Une logique de marché

Or, les partisans d’une réforme, en apparence altruiste, du Téléthon font l’impasse sur une réalité incontournable. Le sida, le cancer, les maladies cardiovasculaires ou neuro-dégénératives bénéficient déjà de financements publics conséquents et d’investissements massifs de l’industrie pharmaceutique pour cette raison même qu’ils sont fréquents tandis que les dystrophies musculaires ou la mucoviscidose, par exemple, ne peuvent attendre leur salut que de la générosité du public, leur rareté justifiant, même si cela peut apparaître cruel, le désintérêt relatif ou absolu des pouvoirs publics et des industriels.

Souvenons-nous que grâce au Téléthon et à la générosité orientée des français, l’espoir a pu renaître dans le cœur de dizaines de milliers d’enfants et de leurs familles et que la recherche génétique française a pu se hisser ainsi au premier rang (ce qui ne peut que nous rendre fiers).
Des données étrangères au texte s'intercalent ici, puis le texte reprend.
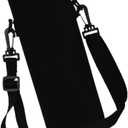 FAVOMOTO Neoprene Water Bottle Bag for Hiking Backpacking Adjustable Shoulder Strap Water Bottle Holder Travel Bags 500ML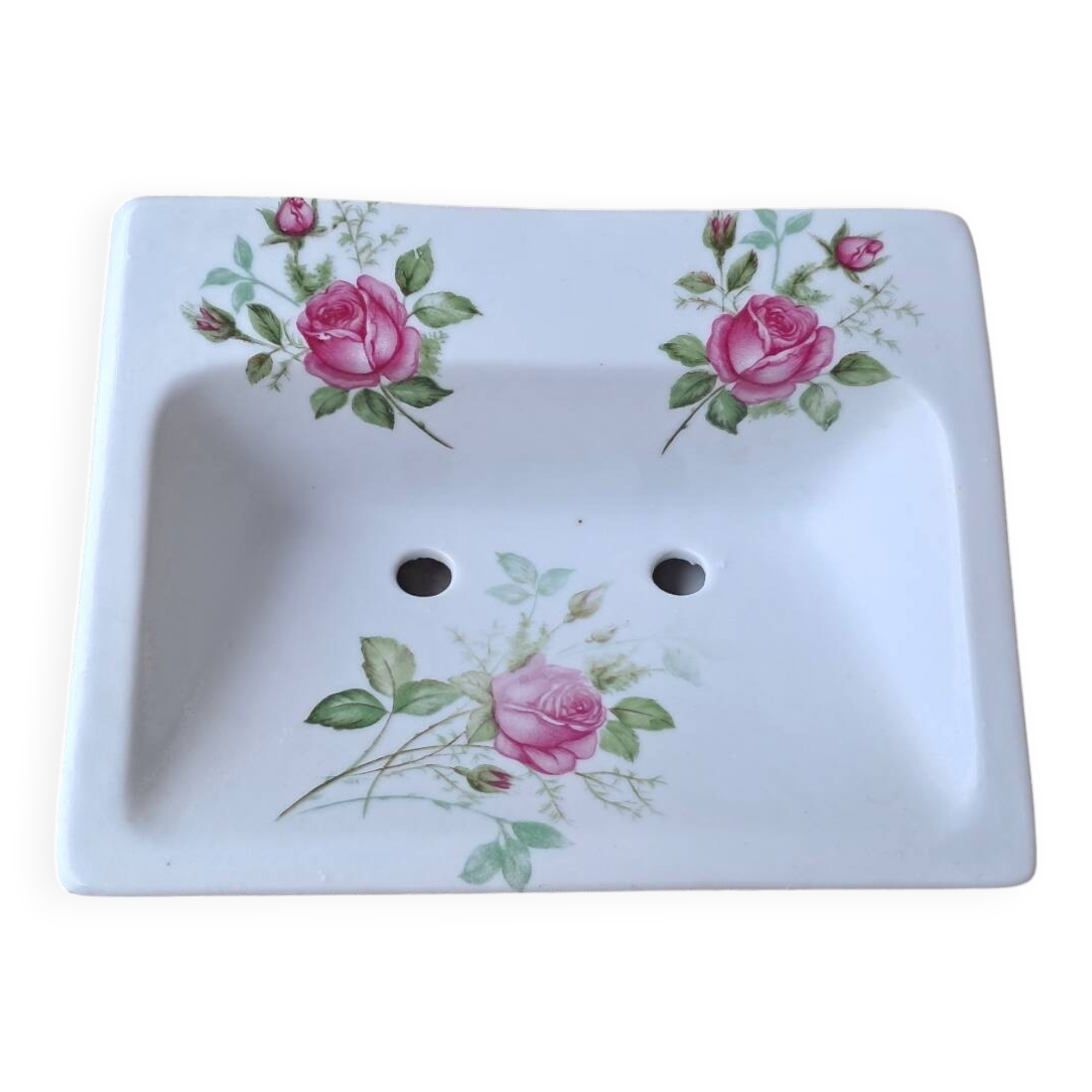 Antique ceramic soap dish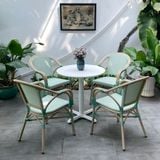 Bàn ghế cafe ngoài trời Luxvie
Avec des conséquences positives non seulement pour des maladies rares mais bien évidemment aussi pour nombre d’affections fréquentes.

Rappelons enfin, même si cela n’est pas très politiquement correct, que, pour ne parler que du sida, il y a une différence notable entre cette maladie infectieuse et les affections génétiques. C’est que pour la première nous disposons aujourd’hui de traitements efficaces mis au point et constamment perfectionnés par l’industrie pharmaceutique privée et totalement pris en charge par la collectivité (du moins en France), tandis que pour les secondes, l’espoir de guérison ne repose encore que sur des recherches à but non lucratif dont le rapport coût-efficacité est ontologiquement défavorable. Traiter la progéria qui touche quelques dizaines de patients dans le monde ne pourra jamais être « rentable » et la générosité, qui gratifie tout autant le donateur que le donataire, ne peut s’évaluer à l’aulne de critères purement comptables.

Espérons que nous saurons rester justes en ne tombant pas dans les pièges d’un égalitarisme mal compris qui ne cache en fait qu’une simple logique de marché.